Respondents also argue that Claims Nine and Ten are procedurally defaulted. The Court will not address this argument because the Court already is dismissing these claims as time-barred.
Respondents have filed a motion to file pleading in excess of pages (ECF No. 51). The Court grants this motion. Furthermore, a little more than a month after respondents filed their motion, the Court amended the local rules to put a limit of 30 pages on reply briefs in non-capital habeas corpus cases. LSR 3-2(b). Respondents' reply (ECF No. 52) complies with the new page limit.

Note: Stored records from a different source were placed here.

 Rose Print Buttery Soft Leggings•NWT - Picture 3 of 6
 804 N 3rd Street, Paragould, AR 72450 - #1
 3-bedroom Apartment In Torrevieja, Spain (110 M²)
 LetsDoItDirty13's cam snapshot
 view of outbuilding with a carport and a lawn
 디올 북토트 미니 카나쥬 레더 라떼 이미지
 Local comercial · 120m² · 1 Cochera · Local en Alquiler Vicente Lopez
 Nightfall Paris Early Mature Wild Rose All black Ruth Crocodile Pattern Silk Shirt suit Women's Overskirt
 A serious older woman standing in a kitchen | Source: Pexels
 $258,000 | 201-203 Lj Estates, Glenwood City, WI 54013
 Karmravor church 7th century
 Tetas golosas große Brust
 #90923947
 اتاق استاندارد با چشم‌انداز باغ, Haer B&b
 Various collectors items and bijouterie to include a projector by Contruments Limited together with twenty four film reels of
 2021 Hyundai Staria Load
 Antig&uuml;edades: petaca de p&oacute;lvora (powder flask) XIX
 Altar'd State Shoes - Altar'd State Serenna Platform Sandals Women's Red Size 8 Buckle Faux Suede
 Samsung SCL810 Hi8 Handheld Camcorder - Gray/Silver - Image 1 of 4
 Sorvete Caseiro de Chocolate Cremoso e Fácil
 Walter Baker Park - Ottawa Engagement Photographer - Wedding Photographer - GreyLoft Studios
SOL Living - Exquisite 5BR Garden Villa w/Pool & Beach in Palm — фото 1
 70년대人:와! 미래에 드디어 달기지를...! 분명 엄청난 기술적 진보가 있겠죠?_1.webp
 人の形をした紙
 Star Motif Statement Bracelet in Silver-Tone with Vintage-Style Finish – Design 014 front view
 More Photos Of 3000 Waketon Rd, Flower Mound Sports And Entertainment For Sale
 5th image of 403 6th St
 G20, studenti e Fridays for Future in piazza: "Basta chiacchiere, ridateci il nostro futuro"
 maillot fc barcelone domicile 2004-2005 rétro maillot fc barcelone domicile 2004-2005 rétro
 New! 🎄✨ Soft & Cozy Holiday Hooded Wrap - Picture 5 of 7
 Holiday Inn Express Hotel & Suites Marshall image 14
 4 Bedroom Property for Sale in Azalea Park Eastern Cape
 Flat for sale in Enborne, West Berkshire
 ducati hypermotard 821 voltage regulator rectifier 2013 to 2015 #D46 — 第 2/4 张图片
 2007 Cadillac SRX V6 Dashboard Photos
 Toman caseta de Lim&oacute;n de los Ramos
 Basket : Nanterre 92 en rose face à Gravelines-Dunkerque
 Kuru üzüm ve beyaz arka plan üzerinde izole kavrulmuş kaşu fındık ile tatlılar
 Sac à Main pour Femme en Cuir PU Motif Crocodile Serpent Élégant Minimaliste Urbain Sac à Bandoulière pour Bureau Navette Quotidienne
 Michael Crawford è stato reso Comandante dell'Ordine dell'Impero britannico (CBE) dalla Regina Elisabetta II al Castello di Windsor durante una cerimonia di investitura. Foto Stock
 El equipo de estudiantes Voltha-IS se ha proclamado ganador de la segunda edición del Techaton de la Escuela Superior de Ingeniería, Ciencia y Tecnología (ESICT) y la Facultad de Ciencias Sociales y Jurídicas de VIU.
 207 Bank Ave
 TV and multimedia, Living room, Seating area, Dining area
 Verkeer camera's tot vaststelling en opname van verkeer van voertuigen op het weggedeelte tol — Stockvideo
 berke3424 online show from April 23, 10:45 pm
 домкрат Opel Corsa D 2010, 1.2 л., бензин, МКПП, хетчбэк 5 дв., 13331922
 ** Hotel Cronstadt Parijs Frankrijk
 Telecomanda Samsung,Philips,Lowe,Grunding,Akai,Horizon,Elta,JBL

It is therefore ordered that respondents' motion to dismiss (ECF No. 34) is granted in part. Claims One, Two, Three, Six, Seven, Eight, Nine, Ten, and Eleven of the second amended petition (ECF No. 23) are dismissed with prejudice because they are untimely.
It is further ordered that respondents' motion to file pleading in excess of pages (ECF No. 51) is granted.
It is further ordered that respondents will have forty-five (45) days from the date of entry of this order to file and serve an answer, which must comply with Rule 5 of the Rules Governing Section 2254 Cases in the United States District Courts. Petitioner will have forty-five (45) days from the date on which the answer is served to file a reply.